* _DATASET EXCERPTS_
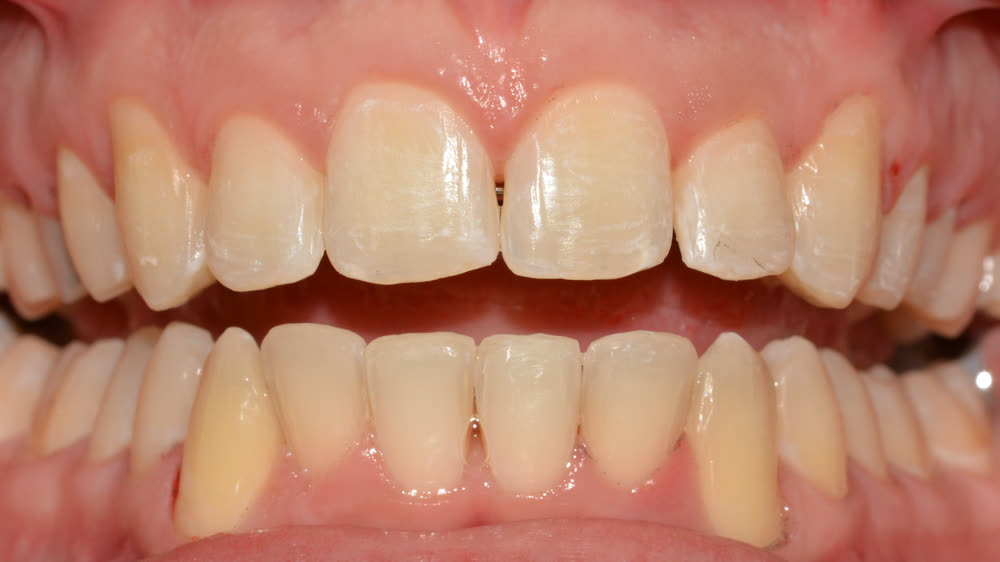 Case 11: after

--

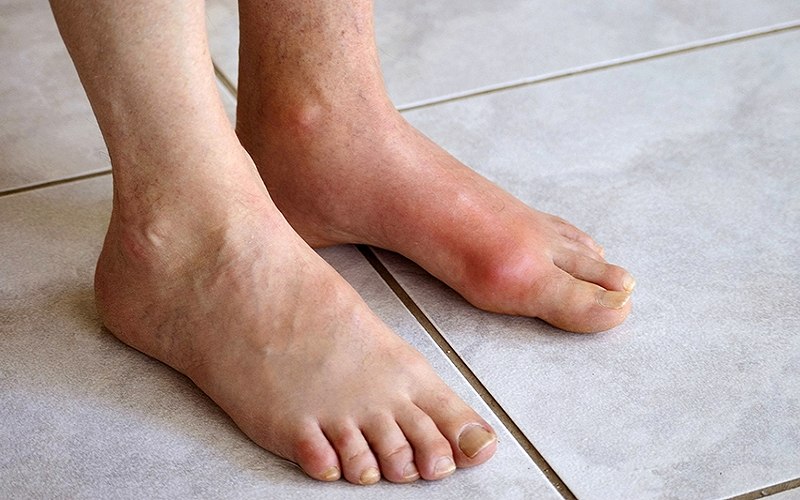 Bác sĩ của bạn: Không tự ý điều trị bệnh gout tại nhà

...

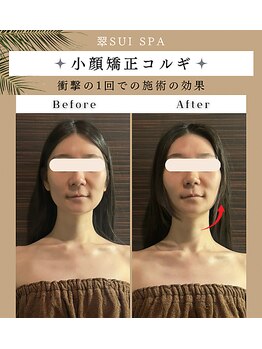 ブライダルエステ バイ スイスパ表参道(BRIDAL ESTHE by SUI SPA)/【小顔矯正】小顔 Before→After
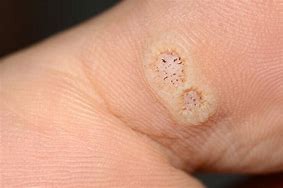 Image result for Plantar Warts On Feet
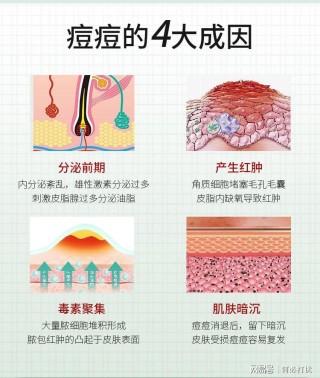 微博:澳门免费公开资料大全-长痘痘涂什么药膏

* _THE PROBLEM_
An exact copy is needed of the entries above, starting at the line that holds "Image result for Plantar Warts On Feet" and stopping at the line that holds "微博:澳门免费公开资料大全-长痘痘涂什么药膏", both kept; pictures stay out.

* _REPLY_
 Image result for Plantar Warts On Feet
 微博:澳门免费公开资料大全-长痘痘涂什么药膏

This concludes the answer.